Last time I read through the Kamigawa trilogy, EDH was not a thing, now I had the ability to bring my favourite character from the books to life on the tabletop. This is how my Mono-Black KILL ALL THE THINGS deck was born.

toshiro umezawa

Having played him for a while now, I have discovered that Toshiro is a very cool card and he possesses exceptional potential—but he comes with some serious pros and cons.

Pros

He Is Cheap – A mono-color Commander with CMC 3 is exceptionally easy to cast and re-cast. You can reliably count on Toshiro to be present for the majority of the time you’re playing the deck.
He Is Unassuming – Commander players take the phrase “fear the unknown” and turn it on its head. When you sit down for a game of Commander, the table is far more likely to attack the deck that has slaughtered them before than the deck they have never seen. There is almost no one out there that has seen a Toshiro Commander deck which is a massive advantage for you.
His Ability Is Powerful – Once you have figured out how to make Toshiro tick, he is an absolutely devastating Commander.

Cons

He Is Tricky To Master – Figuring out what makes Toshiro tick will take some time. I have been playing him consistently for months, with solid success, and there are still micro-interactions in my deck that I don’t notice until it is too late.
Indestructible and Hexproof Ruin Your Day – You will have to play some niche answers to these keywords because an Avacyn or an Uril will shred your face if you’re just relying on Black “good stuff” to carry the day.

Toshiro is an odd duck because he is both linear and flexible.

In order for it to make sense to play him as your Commander, you have to have lots of instants and you have to make sure that there are a lot of things dying on your opponents’ side of the board. A Commander with so many caveats to success definitely falls into the “linear” camp.

Toshi’s flexibility comes from his color identity. Mono-black loves playing instants that also happen to kill things. There is a surprisingly deep card pool of viable options to choose from with Toshi and there are many viable lists that can be drawn from such a “linear” Commander.

The wide variety of options aside, here are some things most Toshi lists should play:

A Quick Disclaimer

Before you die-hard Elder Dragoners out there tear apart some of my suggestions, I need you to breathe deeply and remember the lesson that [card]Necropotence[/card] taught us all those years ago: It doesn’t matter what your life total is if you’ve already won the game.

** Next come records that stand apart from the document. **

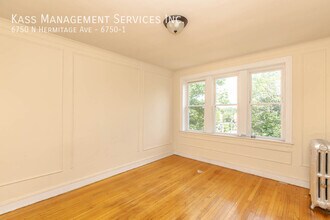 6750 N Hermitage Ave in Chicago, IL - Building Photo - Building Photo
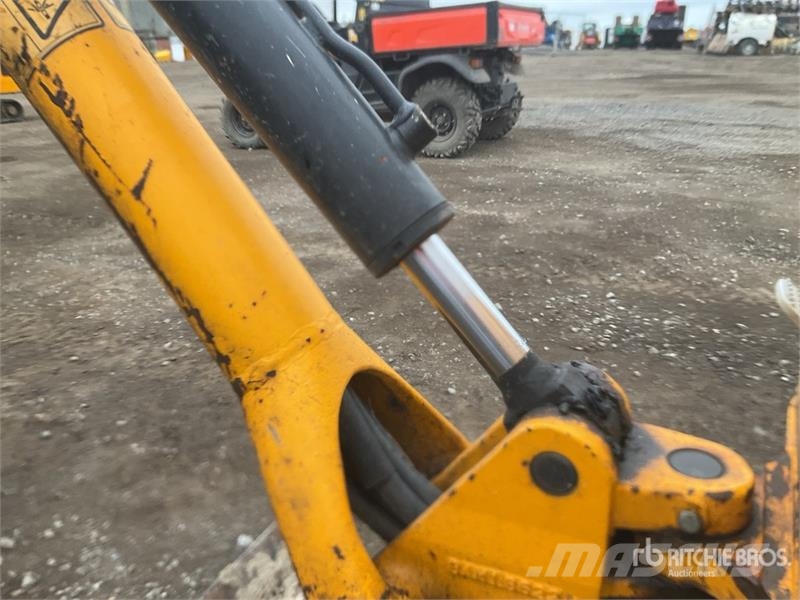JCB 8008 حفارات صغيرة أقل من 7 طن (حفارات صغيرة)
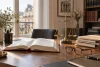 Code juridique ouvert et balance de justice dans un bureau parisien.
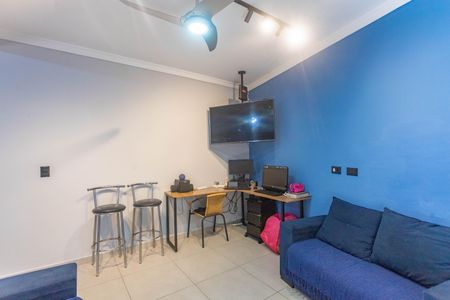 Casa à venda com 152m², 3 quartos e 2 vagasSala 2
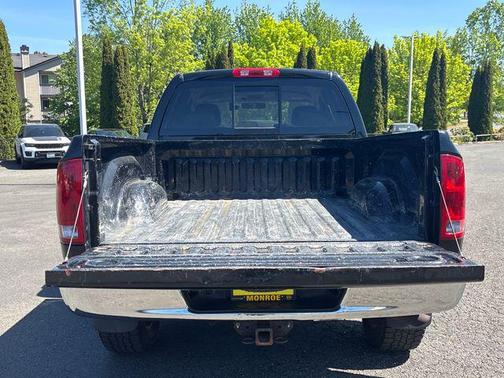 Black Clearcoat 2004 Dodge Ram 1500 SLT Quad Cab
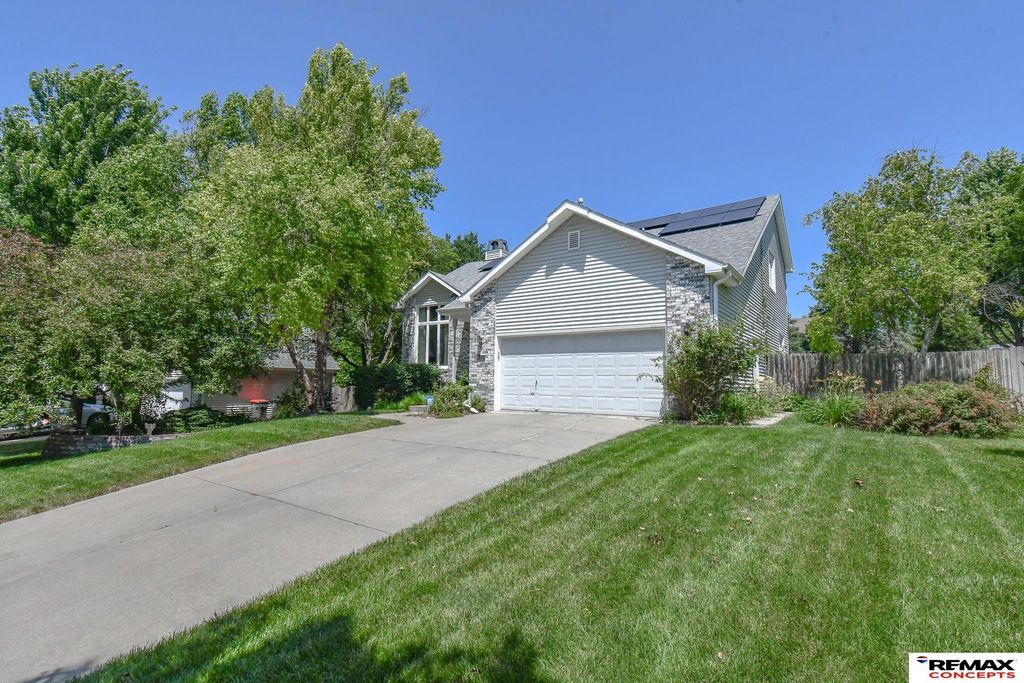 7432 Grand Oaks Drive, Lincoln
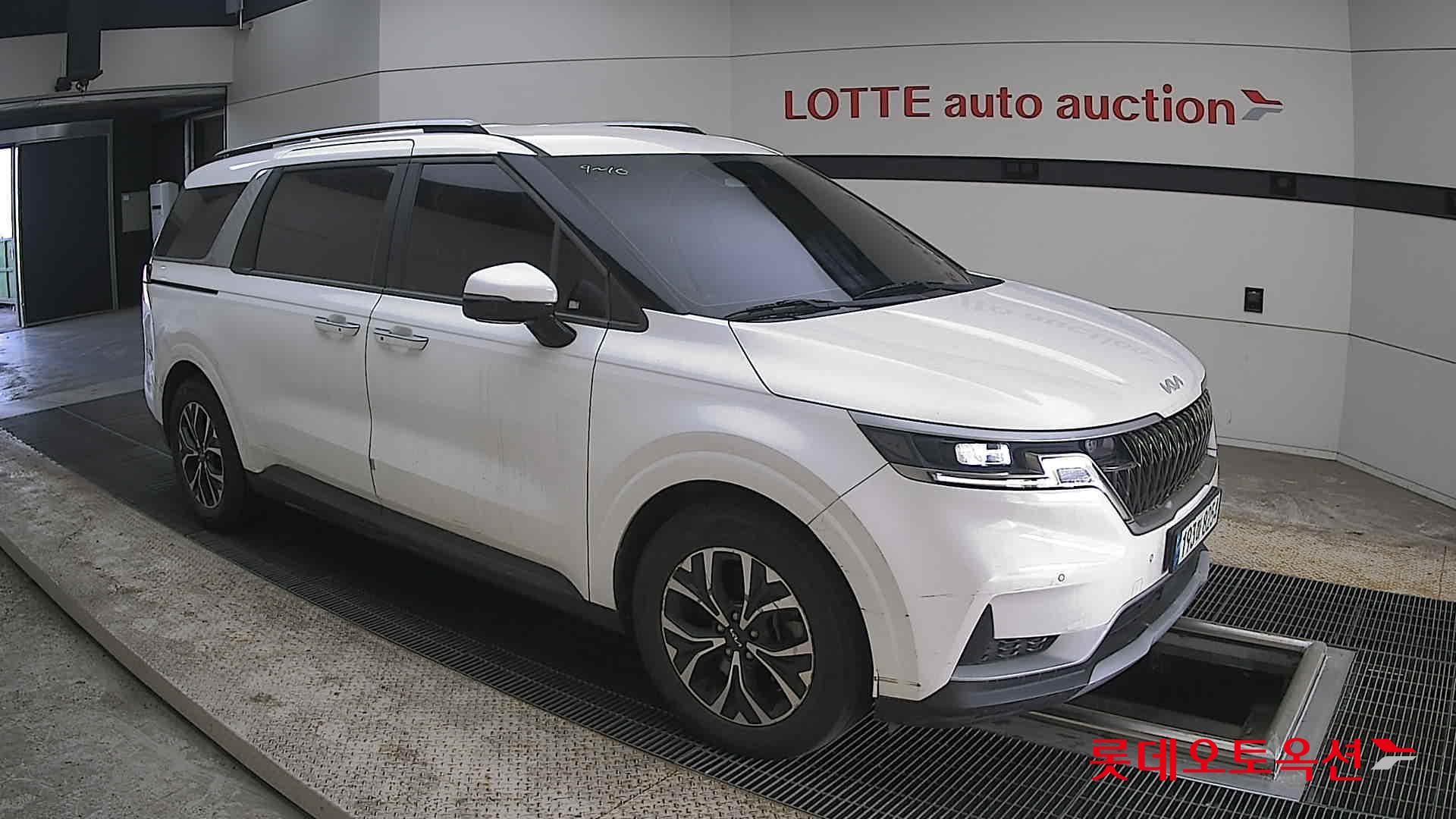 Kia Carnival 2022 - Image 23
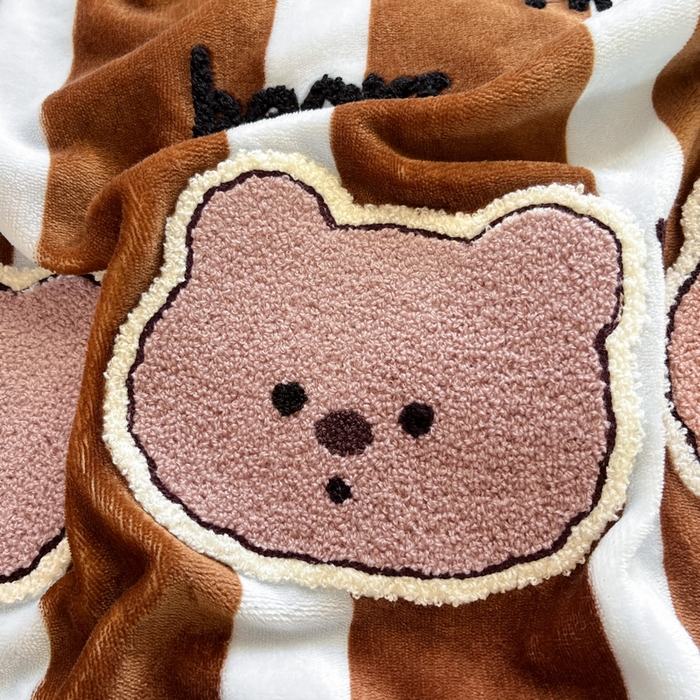 91家纺网 家纺一手货源 找家纺 川悦生活 2025新款绣花牛奶绒毛巾绣四件套-小床 咖布小熊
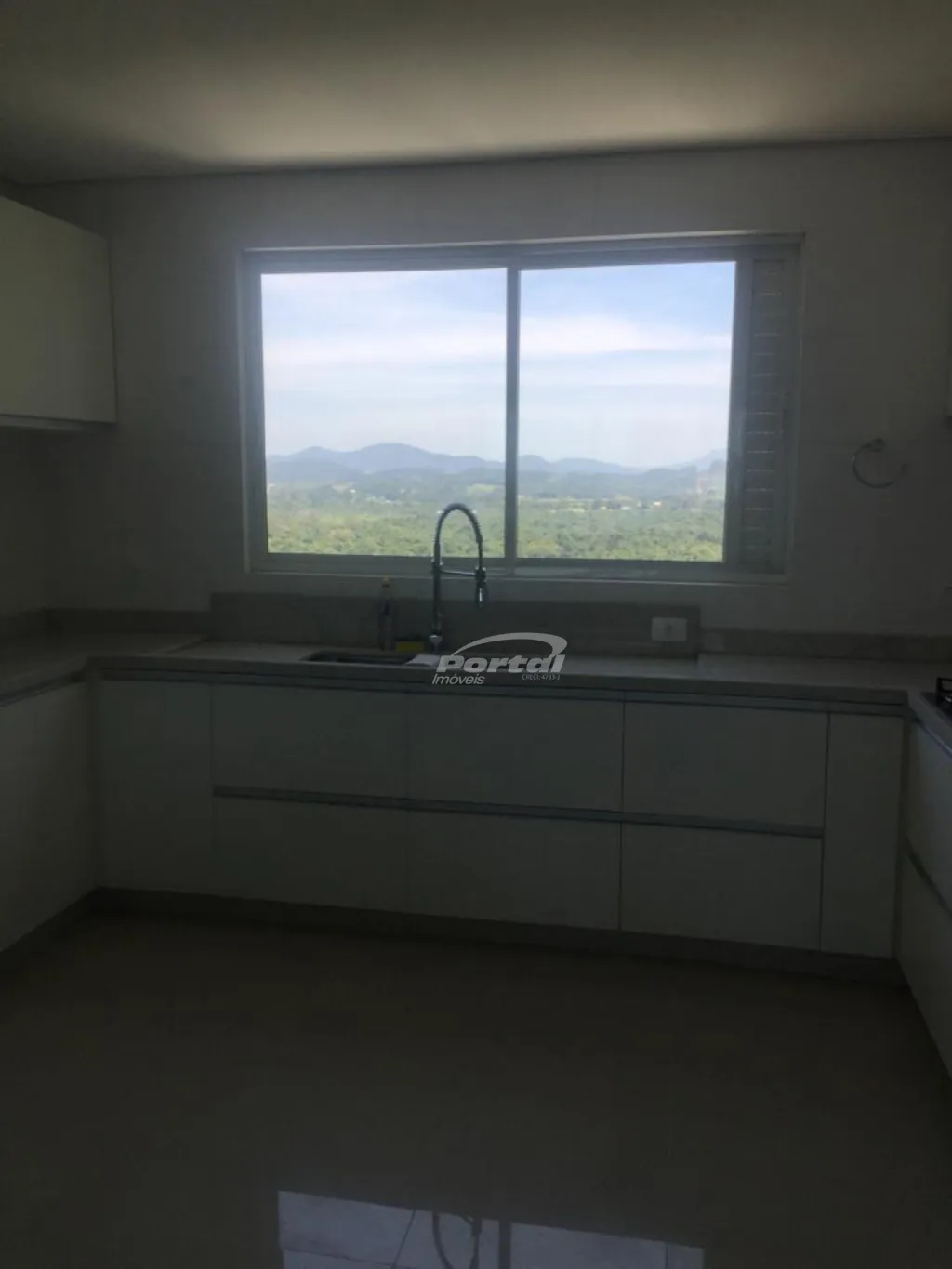 Apartamento Mobiliado de 3 Quartos a Poucos Passos da Praia no Residencial Villa Catânia, no bairro Itacolomi em Balneário Piçarras! — foto 5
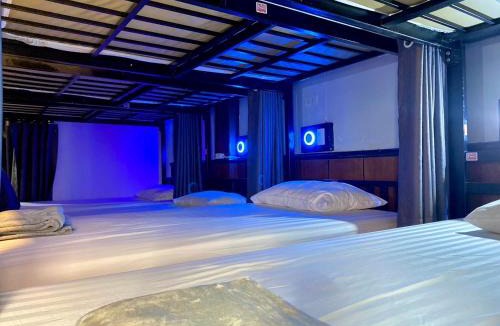 Ko Phi Phi Hostel | LONGDOO Hostel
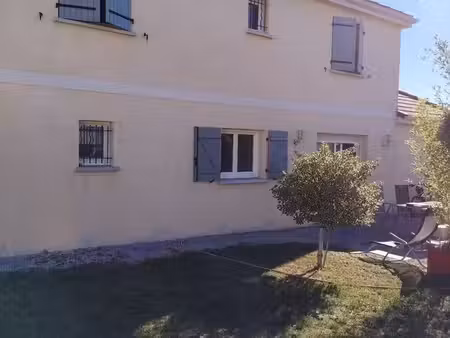 magnifique maison sur agréable terrain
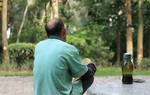 Nỗi khổ của những gia đình có cha mẹ già không hiểu gì về Covid 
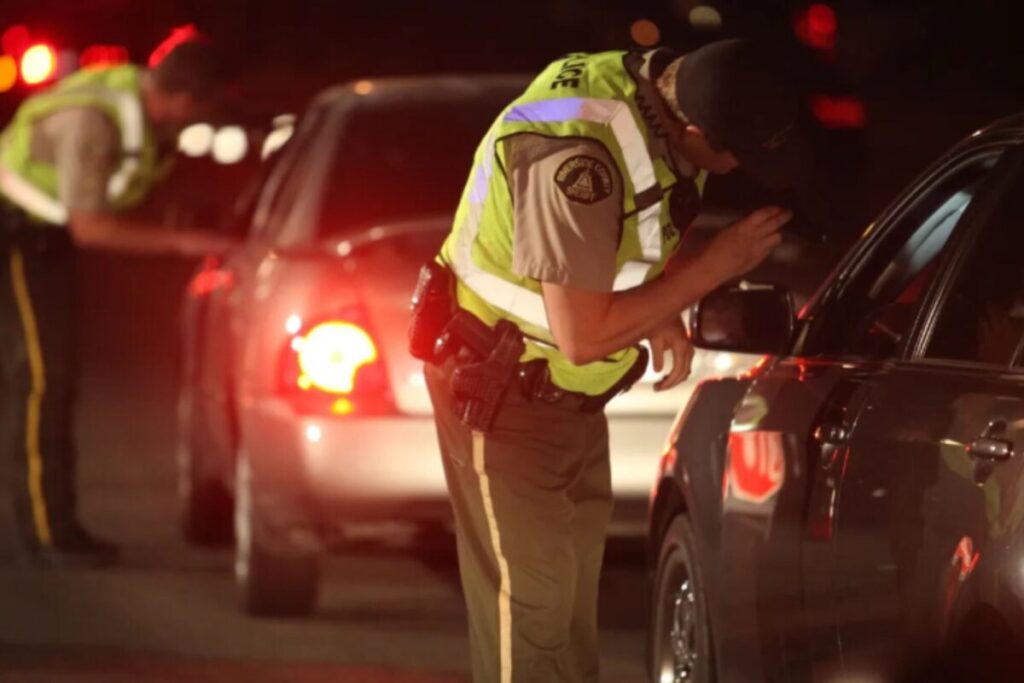 El famoso latino de Univisión que fue detenido en Florida por una grave infracción y podría perder su licencia imagen-3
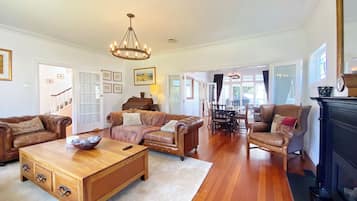 Smart-TV, Bücher, Stereoanlage, Drucker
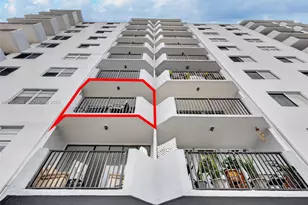 3703 NE 166th St, North Miami Beach, FL 33160 - Photo 17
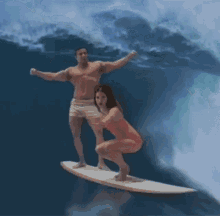 lana del rey surfing muscles flexing lana del rey surfing muscles flexing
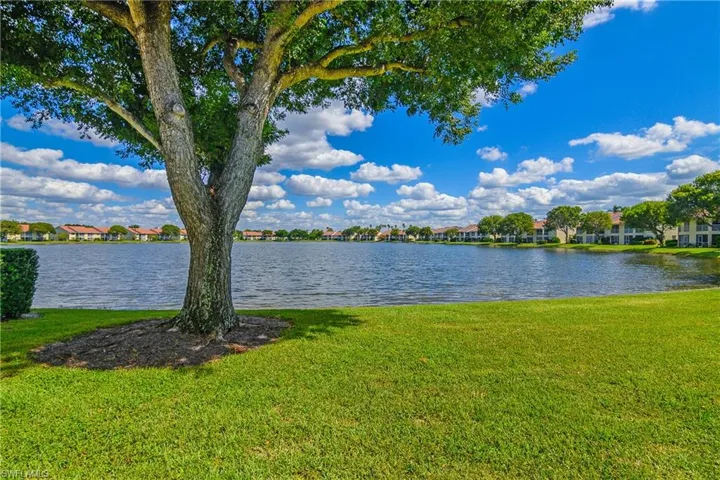 7706 Jewel Ln 102, Naples, Florida 34109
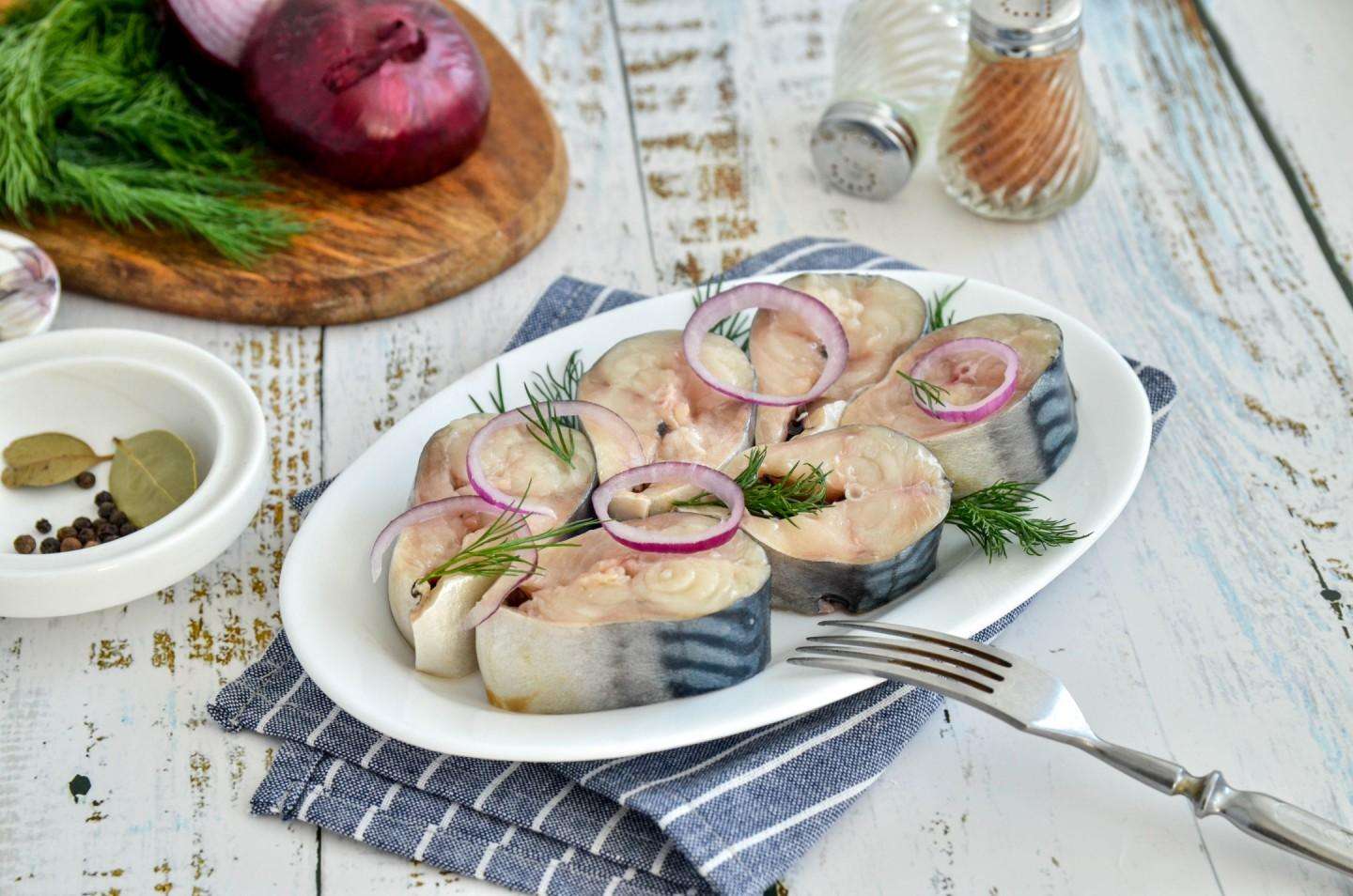 Классическая скумбрия в рассоле с уксусом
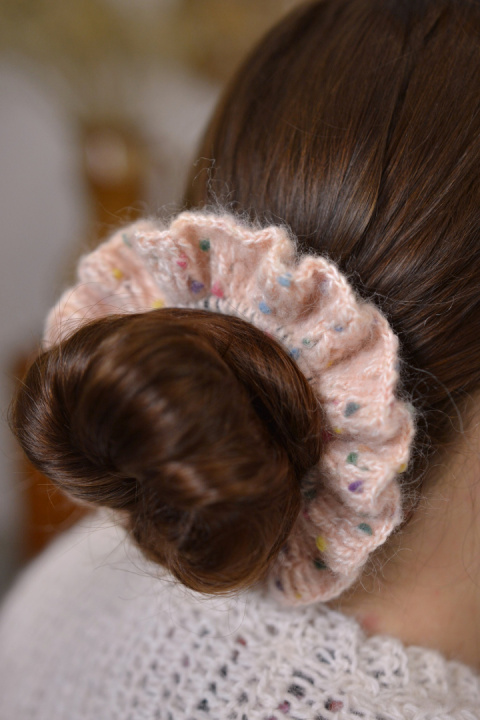 Szydełkowana scrunchie moher+wełna pudrowa nakrapiana Szydełkowana scrunchie moher+wełna pudrowa nakrapiana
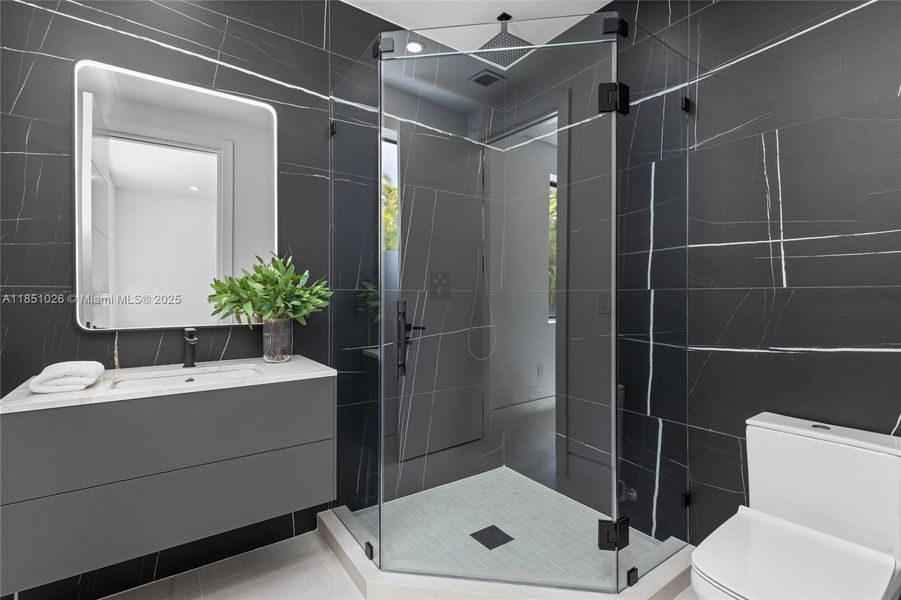 Furnished interior view inside a new home in , Pinecrest (Image 4).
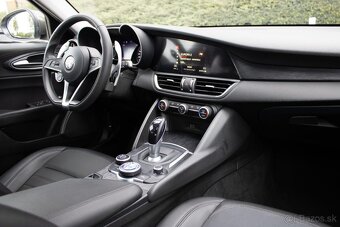 Alfa Romeo Giulia 2.0 GME AT - 11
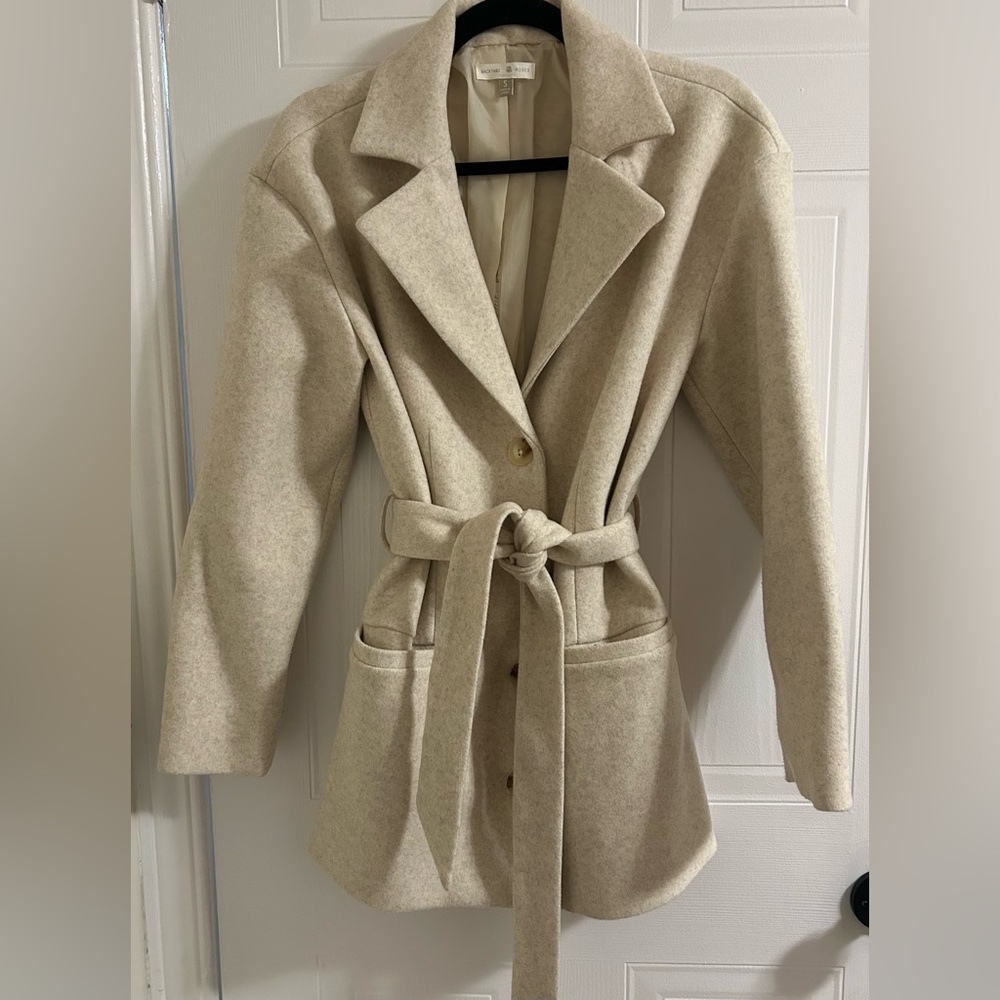 Backyard Roses Camden Coat - Picture 3 of 8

black marketcrypt ghastnirkana revenant

[card]Black Market[/card], [card]Crypt Ghast[/card], and [card]Nirkana Revenant[/card] are all-stars in most lack decks. Toshi can get a little mana-hungry, especially if your graveyard is very full and lots of things are dying, and having any combination of these three on the battlefield ensures that you will never be at a loss for options. Toshi decks tend towards being controlling, and the extort from the [card]Crypt Ghast[/card] can get some surprising mileage in longer games.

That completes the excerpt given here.